I've slowed it down and found that its easier to keep the pulse constant and accent the correct notes. I've always had a problem with performing or recording on the piano. I used to relish singing and acting in front of thousands (many moons ago) but ever since I started playing the piano I've always got nervous very quickly if I had an audience or knew I was being recorded. I suppose its because I've always learnt just by ear and never had the crucial knowledge of the notes on paper. Theory is something I've foolishly avoided until now and I'm reaping the benefits of learning to read music.

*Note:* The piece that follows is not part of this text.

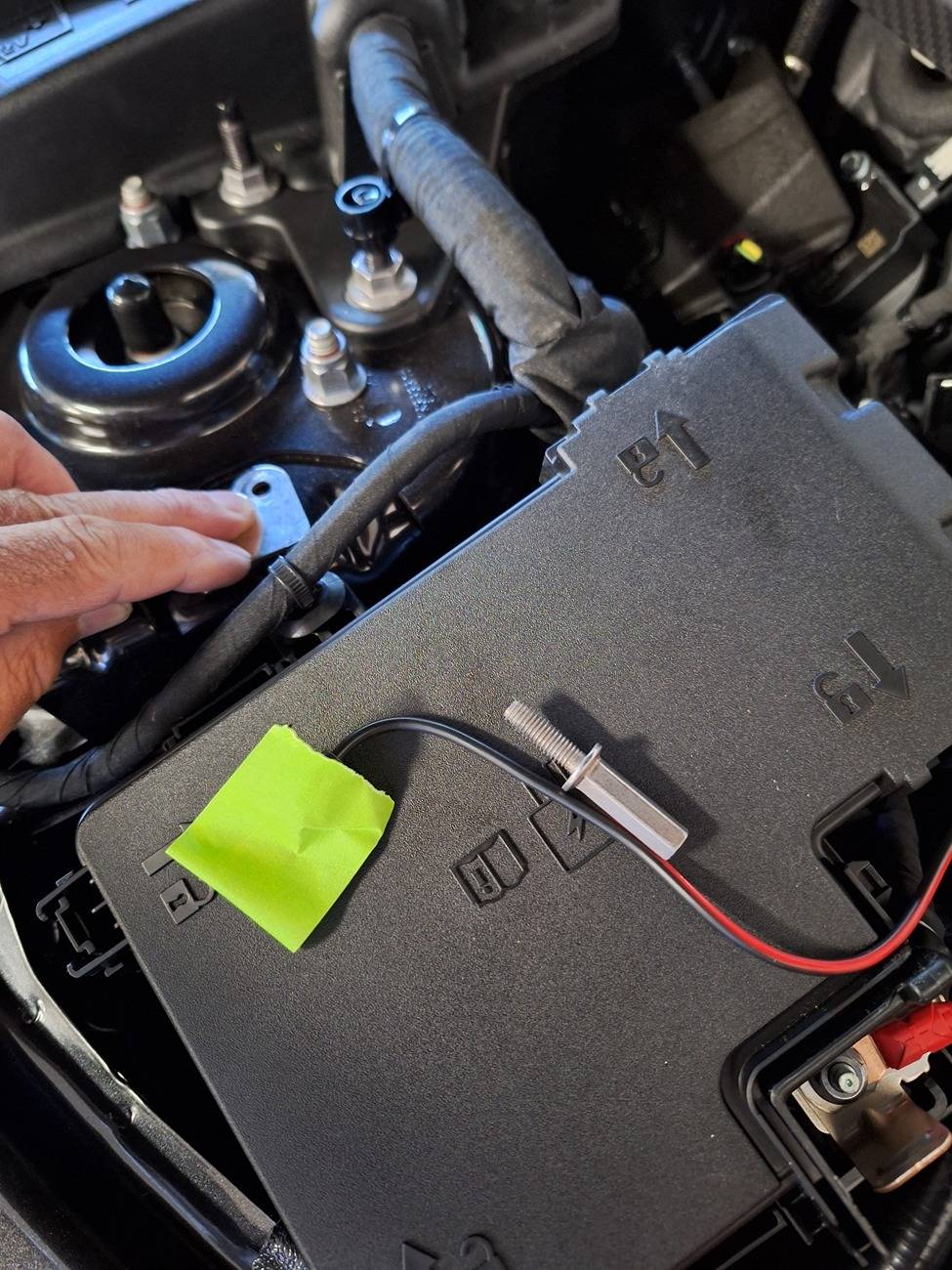 S650 Mustang Installed NOCO Gen 5 battery maintainer 20240930_131001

I have a scales question: Whats the correct fingering for playing up and down each major scale with the left hand?

Kind Regards,

Jamie


----------



## Rachovsky (Jan 5, 2008)

5-4-3-2-1-4-3...

I may be wrong but I think that's how I do it.


----------



## YsayeOp.27#6 (Dec 7, 2007)

Pianoforte said:


> I have a scales question: Whats the correct fingering for playing up and down each major scale with the left hand?

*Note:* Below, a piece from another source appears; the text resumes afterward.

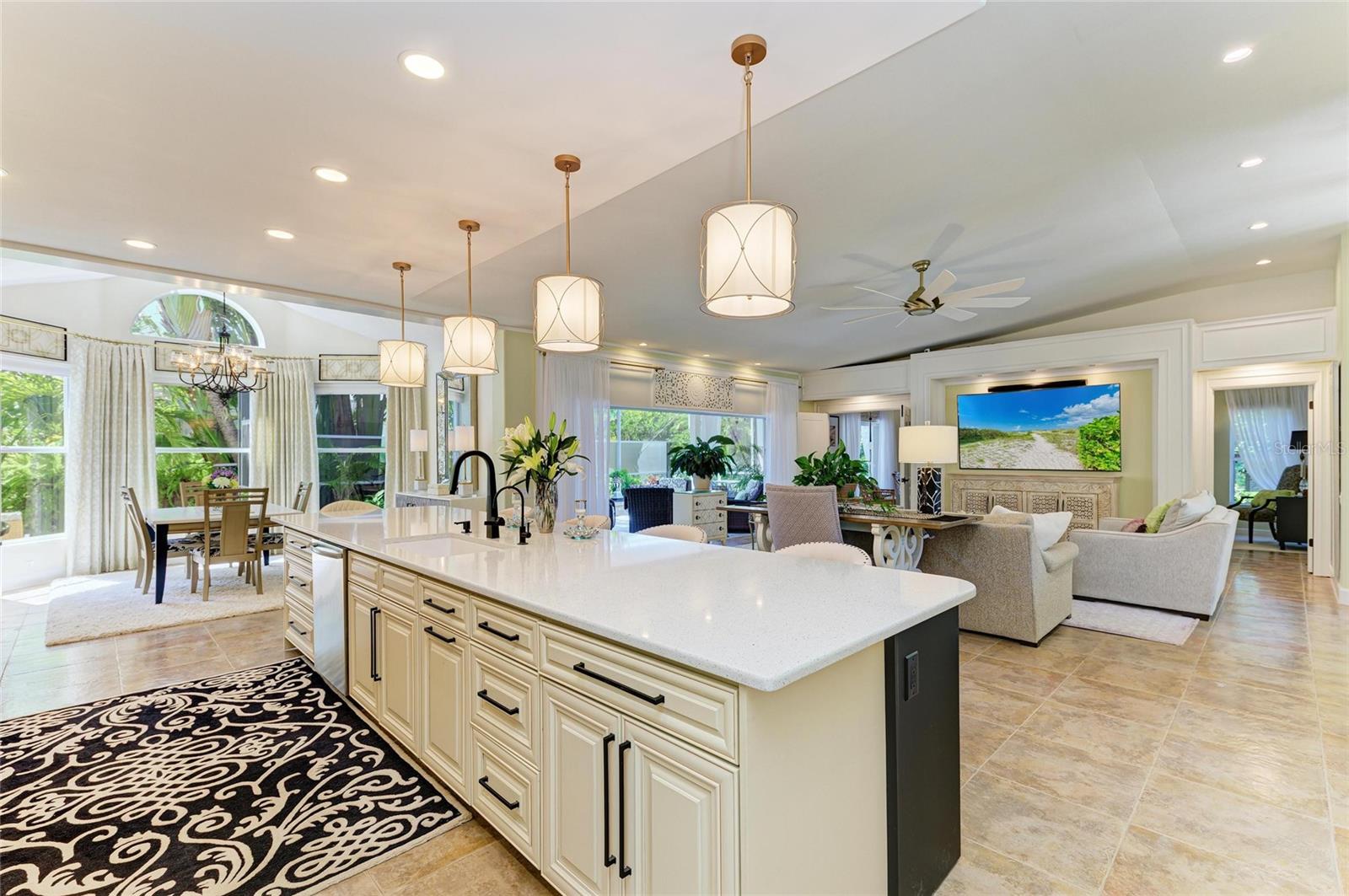 Image 34 of 92 For 6102 Sonesta Court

Do you mean the general fingerings, or for this particular work?

For the C scale, on two octaves: 
Going up: 54321321-4321321
Going down: 1231234-12312345

That's the general structure. It changes if the key becomes more complicated.


----------



## Rachovsky (Jan 5, 2008)

My bad. Thats an easier fingering for C scale.
May I suggest listening to this video though (just audio).

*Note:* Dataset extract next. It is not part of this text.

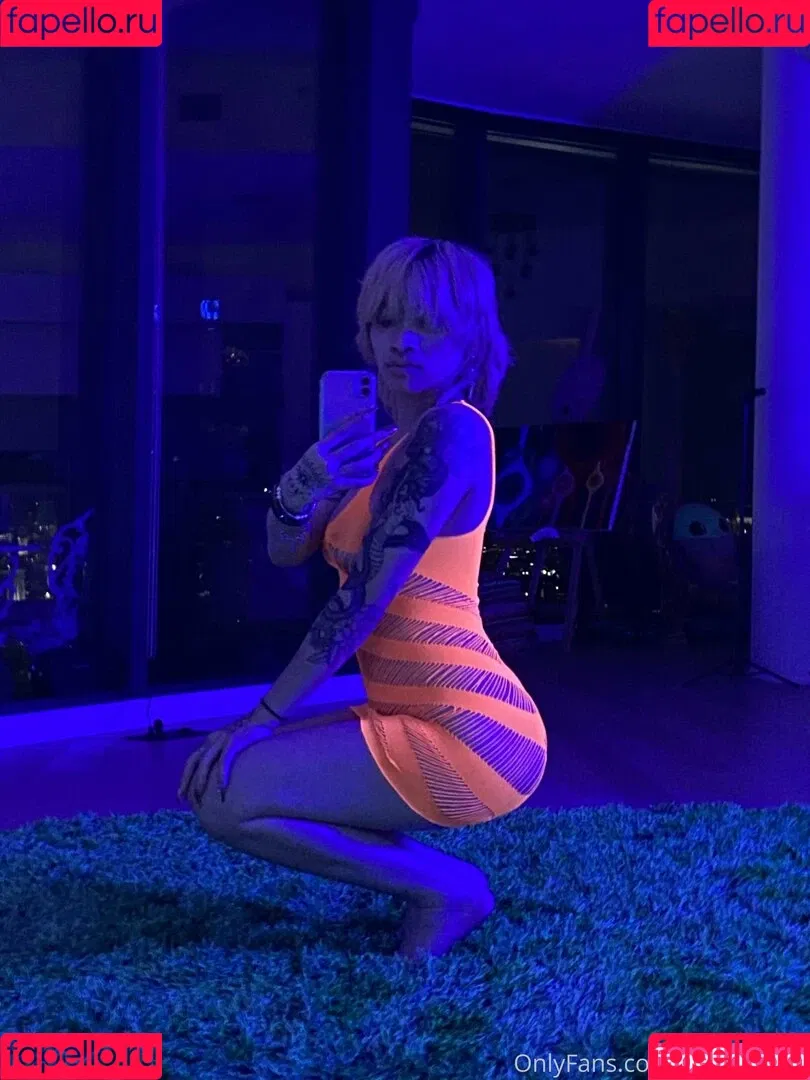 ARIESV3NUS / Ariesvenus / Matrixmika / Thiccuslyrata / Venusmatrix / matrixmicah Onlyfans Photo Gallery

It's played by Sviatoslav Ricther and he did what my piano always stressed for me to do. The melody is played louder than the bass. I think he said like 2 times louder than the bass was perfect. The notes flow together as well in the legato manner. This is the best version of the piece I've found on YouTube.


----------



## Pianoforte (Jul 27, 2007)

Fantastic. I dream of the day I can play it that well!

Thank-you for the scales advice I am trying to be disciplined enough to do some excercises every day in particular with the left hand. 

I discovered where I've been going wrong with the trills too. When I first started learning the piece I would stop playing the left part when I got to the trill to concentrate on it fully and thats never changed so I've been missing the D on the first trill and not sure what note for the second as not near a keyboard so it sounded empty. By playing the left part correctly its now sounding semi-plausable and just needs lots of trill practice. 

Am I trying to run before I can walk or could K576, Allegro be in my grasp? I've not seen it being played but it sounds like the left part is demanding.


----------